Abstract
Sphingomyelin synthase (SMS) plays an important role in plasma atherogenic lipoprotein metabolism, inflammation, and the development of atherosclerosis. To understand whether the impaired apoB secretion and inflammation response is a direct result from lack of SMS activity, in this study, we prepared a series of compounds that inhibit SMS activity. Further, we characterized Dy105, the most potent inhibitor. We found that Dy105 treatment significantly reduces SM levels in SM-rich microdomain on cell membranes. Moreover, we found that SMS inhibition reduces apoB secretion in a human hepatoma cell line and reduces the activation of NFκB and p38, a MAP kinase, in bone marrow derived macrophages. These studies provided further evidence that SMS activity regulates atherogenic lipoprotein metabolism and inflammatory responses. Pharmacologic inhibition of SMS may be a new therapy for atherosclerosis by reducing apoB secretion, and reducing inflammation.
Highlights
In the developed countries, coronary heart disease (CHD) is the major cause of mortality
Sphingomyelin synthase (SMS) activity inhibitors Based on homology modeling and molecular dynamics simulation, we have reported a structural model of human SMS1 [32]

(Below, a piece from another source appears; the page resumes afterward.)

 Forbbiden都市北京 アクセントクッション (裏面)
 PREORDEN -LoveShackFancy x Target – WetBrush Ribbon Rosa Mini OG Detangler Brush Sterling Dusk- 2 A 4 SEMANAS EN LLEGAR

We found that the compound significantly decreases Huh7 cell (Fig. 2A and B) and bone marrow derived macrophages (BMM) (Fig. 2C and D) SMS activity in a dose dependent fashion
Summary
Coronary heart disease (CHD) is the major cause of mortality. Statin therapy is the main option for CHD clinical management. Statin therapy is not always responsive and sometimes patient is intolerant to this therapy [1,2,3,4,5,6]. Additional approaches are necessary to lower plasma atherogenic lipoprotein levels, and act synergistically with statins. Serum or plasma sphingomyelin (SM) is considered as a risk factor for CHD [7,8] and that SM levels are prognostic in patients with acute coronary syndrome [8]. Serum SM levels are enriched on atherogenic lipoproteins such as very low density lipoprotein (VLDL), low density lipoprotein (LDL), and chylomicron [9,10]. Subendothelial retention and aggregation of atherogenic lipoproteins play a very important role in atherogenesis [12,13]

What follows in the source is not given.